---- EXTRACTED MATERIAL
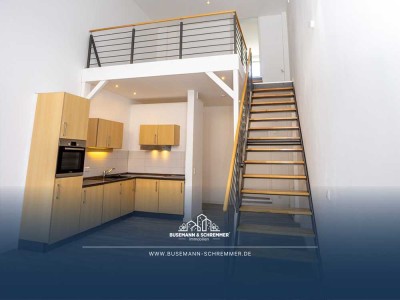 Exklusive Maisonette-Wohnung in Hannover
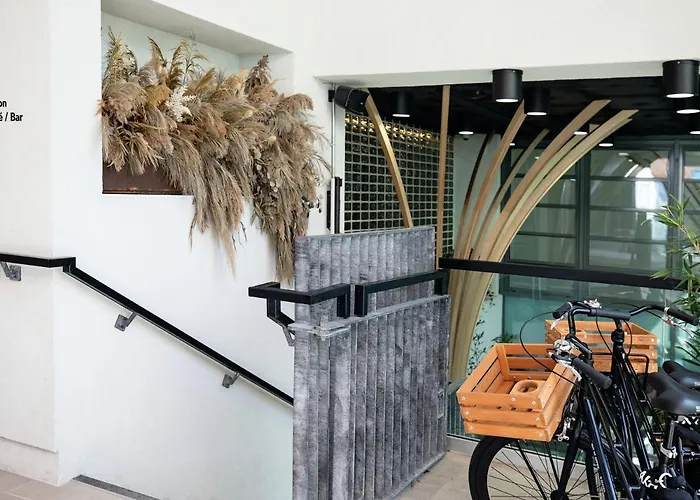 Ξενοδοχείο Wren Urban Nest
--------
---- EXTRACTED MATERIAL
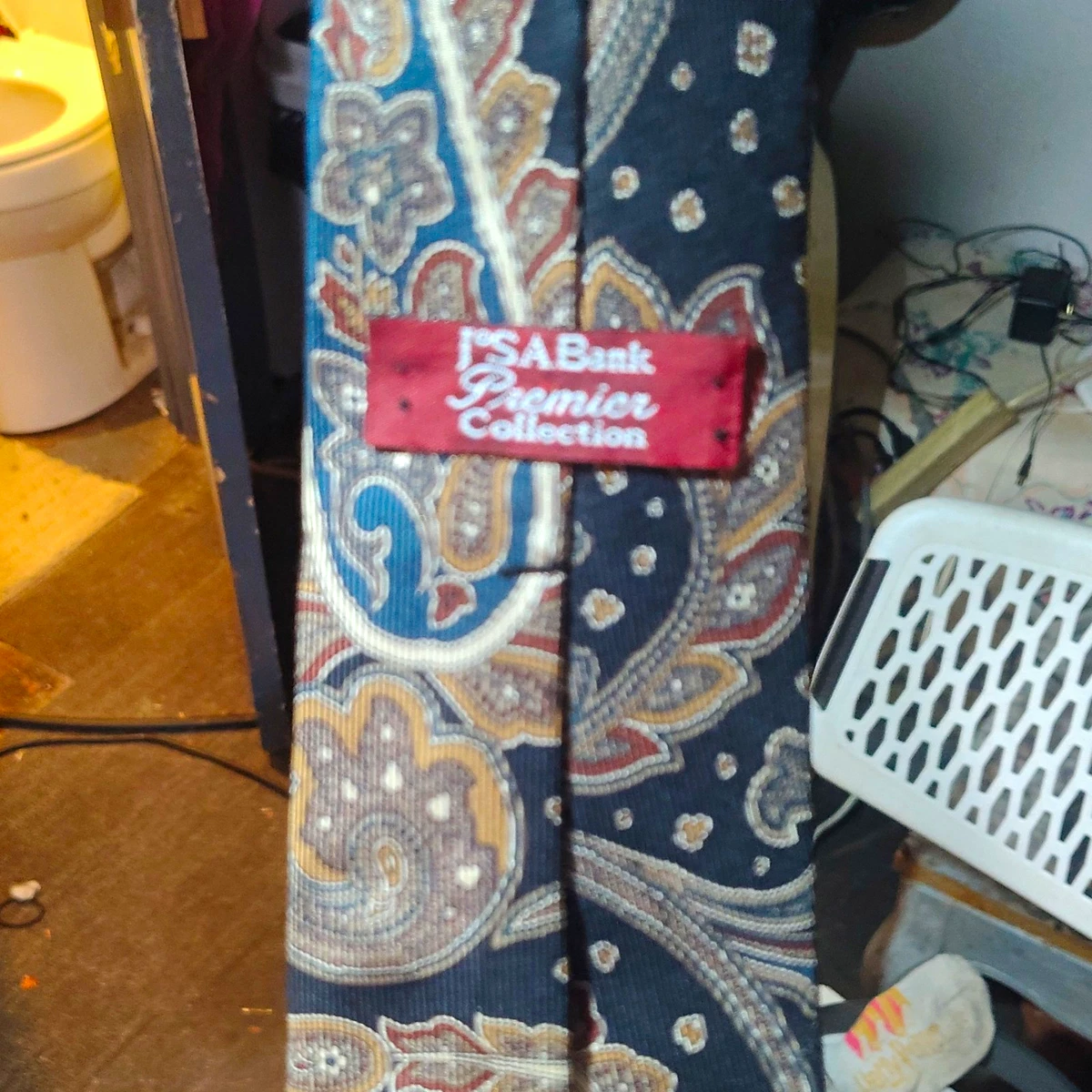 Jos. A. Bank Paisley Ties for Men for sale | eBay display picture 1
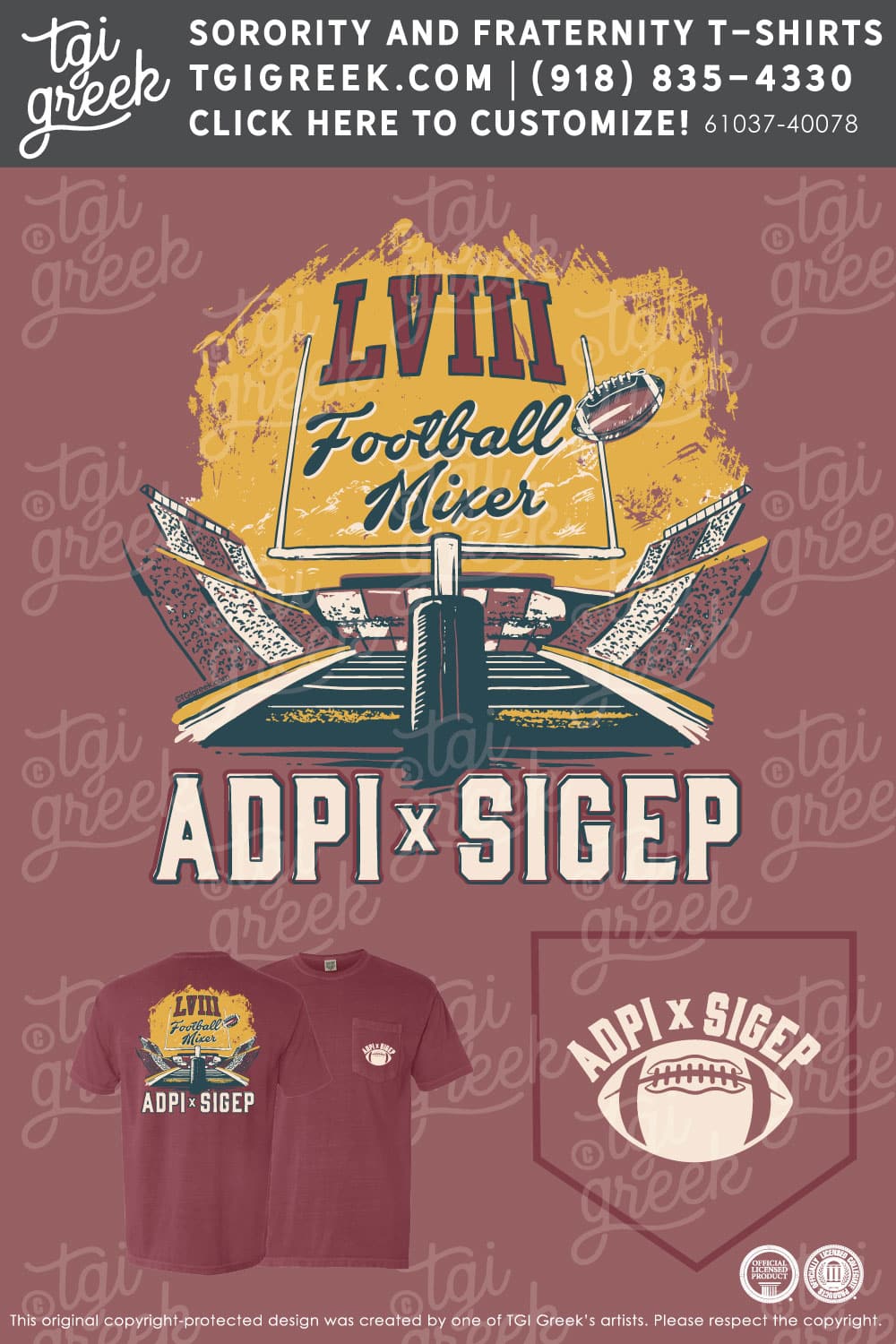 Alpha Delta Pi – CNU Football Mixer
--------
---- EXTRACTED MATERIAL
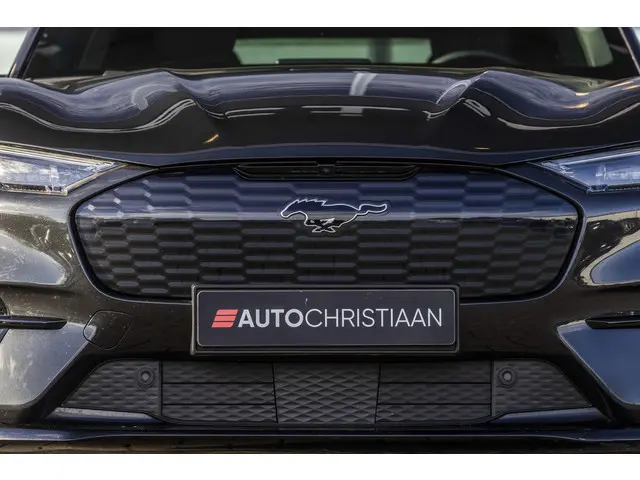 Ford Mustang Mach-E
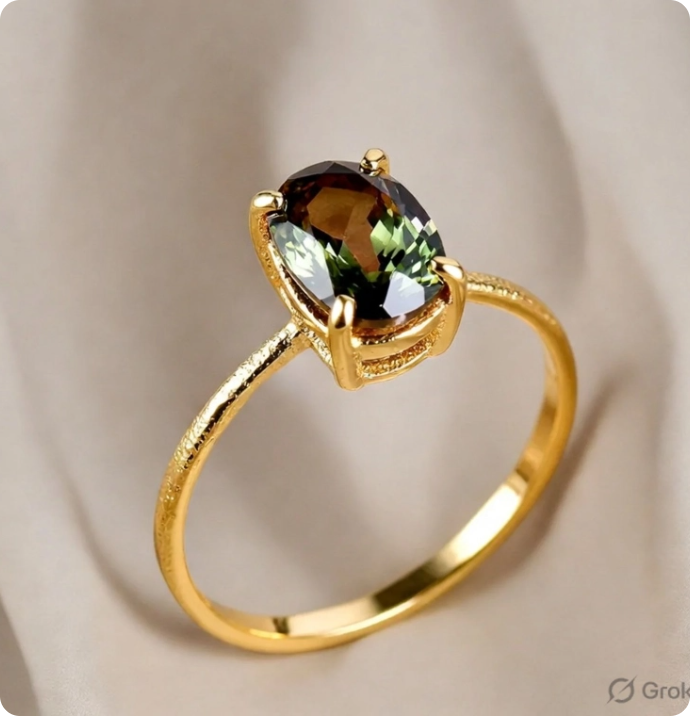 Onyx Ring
--------
Your copy should hold only the lines above from the one containing "Exklusive Maisonette-Wohnung in Hannover" through the one containing "Ξενοδοχείο Wren Urban Nest", exactly as written and free of pictures.

 Exklusive Maisonette-Wohnung in Hannover
 Ξενοδοχείο Wren Urban Nest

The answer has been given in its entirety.